San Ambrosio por testigo
«Sacó la lengua y la apretó un poco más sobre mí, entrando entre mis labios y rozando por un segundo un extremo del clítoris»
Miré hacia arriba. La ermita estaba casi derruida. Quedaban algunas ventanas y las ramas de los árboles se habían bordado retorcidas, como doloridas, por los huecos que una vez albergaron una vidriera. Cuatro arcos apuntalados informaban de que aún, esas piedras, contaban con cierto interés. Me habían atado a los puntales y mis brazos se extendían a cada lado, abiertos de par en par, por obra y gracia del amarrador. Apenas me sostenía de puntillas cuando me puso una piedra grande bajo los pies.
El musgo espolvoreado sobre las rocas señalaba el norte. Yo, desnuda, elevada y en cruz apuntaba hacia el sur; y entre mis piernas, su cabeza a la espera. Quería soltarme de allí y enredarme en su pelo. Lo llevábamos igual y de lejos podríamos pasar por hermanas. De cerca, entre las dos, ofrecíamos una gran suma de elementos diferentes por los que ser sorteadas y compradas en un pack: la que podría parir, la que podría amamantar, la que cortaría las ramas altas, la que hipnotiza con sus ojos. Ambas éramos cultas, irónicas, ingeniosas y de voz firme; ambas éramos curiosas y lascivas por igual; ambas cumplíamos años en febrero y bebíamos vino blanco entre conversaciones interminables; y también ambas ahora estábamos allí desnudas, al atardecer, con rocas bajo los pies y rodillas, apetecibles al gusto por una capa fina de salitre en la piel. El olor a maresía llegaba hasta ese rincón de la montaña. Amanda, arrodillada sobre una fina tela negra, me miraba el ombligo, seguía a la espera. Estábamos muy incómodas aunque nuestros cuerpos respiraban calmados al unísono.
Su marido, Saúl, terminó de colocarnos. Se estaba yendo el sol y revoloteaba nervioso con el fotómetro midiendo como un loco aquí y allá. La foto era lo más importante y hasta que no la tuviera no iba a reparar del todo en la escena que tenía montada. «¡Amanda!», le voceó, «¡arquea más la espalda… eso el culo, el culo!». «¿Y tú vas bien? ¿Aguantas?». Sí, aguantaba, es más, me gustaba. Me excitaba la tensión lacerante de los brazos estirados, sujetos únicamente por la muñeca al sucedáneo de los pilares que sostenían lo que quedaba de aquel bien de interés cultural. La ermita de San Ambrosio nos acogía con majestuosidad.

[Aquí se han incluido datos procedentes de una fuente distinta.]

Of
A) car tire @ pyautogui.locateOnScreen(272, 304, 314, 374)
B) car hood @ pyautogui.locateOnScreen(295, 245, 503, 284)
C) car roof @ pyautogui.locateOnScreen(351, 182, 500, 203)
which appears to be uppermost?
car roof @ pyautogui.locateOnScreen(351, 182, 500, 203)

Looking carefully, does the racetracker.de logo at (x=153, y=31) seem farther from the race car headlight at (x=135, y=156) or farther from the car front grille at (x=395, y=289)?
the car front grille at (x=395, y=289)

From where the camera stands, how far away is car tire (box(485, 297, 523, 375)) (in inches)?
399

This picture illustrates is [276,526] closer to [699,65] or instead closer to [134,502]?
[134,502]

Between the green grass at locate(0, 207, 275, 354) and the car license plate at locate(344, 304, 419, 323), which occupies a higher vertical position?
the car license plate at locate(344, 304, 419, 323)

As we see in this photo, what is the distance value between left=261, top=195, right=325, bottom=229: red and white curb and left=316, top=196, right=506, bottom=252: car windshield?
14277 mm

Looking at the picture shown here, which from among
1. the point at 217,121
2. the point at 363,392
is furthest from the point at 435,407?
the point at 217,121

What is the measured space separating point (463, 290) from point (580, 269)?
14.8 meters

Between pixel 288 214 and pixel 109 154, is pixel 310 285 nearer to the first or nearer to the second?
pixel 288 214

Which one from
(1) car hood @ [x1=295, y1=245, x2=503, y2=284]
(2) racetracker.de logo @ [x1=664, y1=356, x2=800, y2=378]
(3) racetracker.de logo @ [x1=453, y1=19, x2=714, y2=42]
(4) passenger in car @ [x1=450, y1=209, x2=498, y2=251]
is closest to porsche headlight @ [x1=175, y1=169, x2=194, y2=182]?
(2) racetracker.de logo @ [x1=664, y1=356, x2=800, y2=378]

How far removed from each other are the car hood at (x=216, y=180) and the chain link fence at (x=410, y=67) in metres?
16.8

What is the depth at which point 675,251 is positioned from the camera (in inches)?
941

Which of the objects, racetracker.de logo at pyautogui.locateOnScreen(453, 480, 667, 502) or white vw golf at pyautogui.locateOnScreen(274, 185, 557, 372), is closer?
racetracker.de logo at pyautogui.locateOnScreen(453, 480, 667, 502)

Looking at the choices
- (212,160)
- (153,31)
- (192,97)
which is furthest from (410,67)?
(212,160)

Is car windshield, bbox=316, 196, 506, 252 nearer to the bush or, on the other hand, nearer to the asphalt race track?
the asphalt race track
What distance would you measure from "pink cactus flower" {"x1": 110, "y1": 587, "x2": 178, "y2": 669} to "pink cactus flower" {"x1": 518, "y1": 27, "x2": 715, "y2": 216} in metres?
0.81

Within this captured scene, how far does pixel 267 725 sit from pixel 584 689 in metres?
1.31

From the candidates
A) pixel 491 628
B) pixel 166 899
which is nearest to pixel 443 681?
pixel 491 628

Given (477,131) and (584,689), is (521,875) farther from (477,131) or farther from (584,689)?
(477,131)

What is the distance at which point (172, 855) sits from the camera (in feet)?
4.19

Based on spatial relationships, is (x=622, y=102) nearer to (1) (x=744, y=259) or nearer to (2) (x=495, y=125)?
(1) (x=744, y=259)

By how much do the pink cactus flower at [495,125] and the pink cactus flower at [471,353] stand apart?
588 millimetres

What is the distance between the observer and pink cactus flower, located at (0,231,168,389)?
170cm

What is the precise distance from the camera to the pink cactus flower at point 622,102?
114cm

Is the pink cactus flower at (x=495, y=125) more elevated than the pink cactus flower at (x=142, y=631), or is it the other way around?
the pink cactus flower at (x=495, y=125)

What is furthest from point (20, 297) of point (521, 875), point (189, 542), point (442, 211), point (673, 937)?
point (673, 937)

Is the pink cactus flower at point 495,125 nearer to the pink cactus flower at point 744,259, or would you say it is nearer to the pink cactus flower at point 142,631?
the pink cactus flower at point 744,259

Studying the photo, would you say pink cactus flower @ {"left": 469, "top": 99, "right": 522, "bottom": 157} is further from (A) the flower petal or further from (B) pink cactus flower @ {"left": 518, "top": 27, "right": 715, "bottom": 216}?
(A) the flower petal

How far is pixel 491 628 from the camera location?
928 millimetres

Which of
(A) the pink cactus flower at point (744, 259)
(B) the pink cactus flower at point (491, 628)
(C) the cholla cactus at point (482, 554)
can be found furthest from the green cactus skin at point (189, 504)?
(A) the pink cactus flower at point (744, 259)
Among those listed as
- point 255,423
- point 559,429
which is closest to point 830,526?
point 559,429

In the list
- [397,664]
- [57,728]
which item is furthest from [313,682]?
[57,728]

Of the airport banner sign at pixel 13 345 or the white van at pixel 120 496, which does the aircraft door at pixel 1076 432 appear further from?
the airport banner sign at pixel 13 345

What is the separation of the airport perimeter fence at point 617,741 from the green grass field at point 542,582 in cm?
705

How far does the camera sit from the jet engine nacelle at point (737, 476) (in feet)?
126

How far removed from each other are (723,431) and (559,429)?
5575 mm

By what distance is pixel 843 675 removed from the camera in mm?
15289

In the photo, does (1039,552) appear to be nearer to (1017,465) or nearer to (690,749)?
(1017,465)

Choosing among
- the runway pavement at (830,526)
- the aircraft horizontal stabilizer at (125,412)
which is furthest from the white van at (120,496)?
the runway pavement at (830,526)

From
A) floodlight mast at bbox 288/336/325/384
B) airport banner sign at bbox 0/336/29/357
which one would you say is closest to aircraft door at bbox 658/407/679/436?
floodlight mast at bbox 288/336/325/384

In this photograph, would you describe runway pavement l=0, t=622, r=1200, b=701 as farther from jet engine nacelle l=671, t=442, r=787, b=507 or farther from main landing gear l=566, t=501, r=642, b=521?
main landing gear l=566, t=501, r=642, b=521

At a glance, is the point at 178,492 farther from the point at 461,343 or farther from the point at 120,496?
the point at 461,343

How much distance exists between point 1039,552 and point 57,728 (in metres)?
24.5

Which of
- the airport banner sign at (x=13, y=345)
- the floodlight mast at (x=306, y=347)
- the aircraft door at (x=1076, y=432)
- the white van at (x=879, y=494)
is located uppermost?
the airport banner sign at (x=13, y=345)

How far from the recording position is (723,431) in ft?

Yo respiraba profundo con los ojos abiertos apuntando al cielo, soportando el dolor que comenzaba a aparecer
Amanda y yo nos miramos. Mientras lo hacía, sacó la lengua y me lamió una vez. Sonrió. Sacó la lengua y me lamió una segunda vez. Le sonreí. Sacó la lengua y la apretó un poco más sobre mí, entrando entre mis labios y rozando por un segundo un extremo del clítoris. Me estremecí. Saúl nos animó a lo lejos, «Amanda, sigue haciendo lo que sea en lo que estés», y comenzó a tomar fotos en la distancia. La animó a agarrarme de las caderas y a soltarme un rato después porque no funcionaba. Yo respiraba profundo con los ojos abiertos apuntando al cielo, soportando el dolor que comenzaba a aparecer. Sobre mi cabeza un arco del siglo VII, el cielo perdiendo su brillo y un baile de pájaros que despiden el día. Respiraba en profunda calma y excitación. Sentía la lengua viciosa de Amanda y su cariño, o al revés; cómo la extendía ancha sobre toda la superficie de mi coño sin prisa, amplia, húmeda, caliente, mullida, con ganas de mí.
Ahora más que antes, quería perderme en su pelo; cogerle del cuello y levantarla para tragarme su boca, su mirada impávida, su sonrisa cómplice. Cogerla en brazos para sostenerla sobre una pared y clavarle la rodilla entre los muslos, presionando su vagina intermitentemente para meterme en ella. Pronunciar su nombre muy de seguido al comerme uno de sus pechos y apretarle el culo, así con la boca llena, que es de mala educación. Sabía lo que hacía Saúl al secuestrarme las manos. Nos miraba de lejos, ya se había ido la luz y sentado, con el musgo a su favor, nos observaba incandescente.
Amanda tenía hambre de mujer y su Saúl le consigue siempre del cielo la Luna.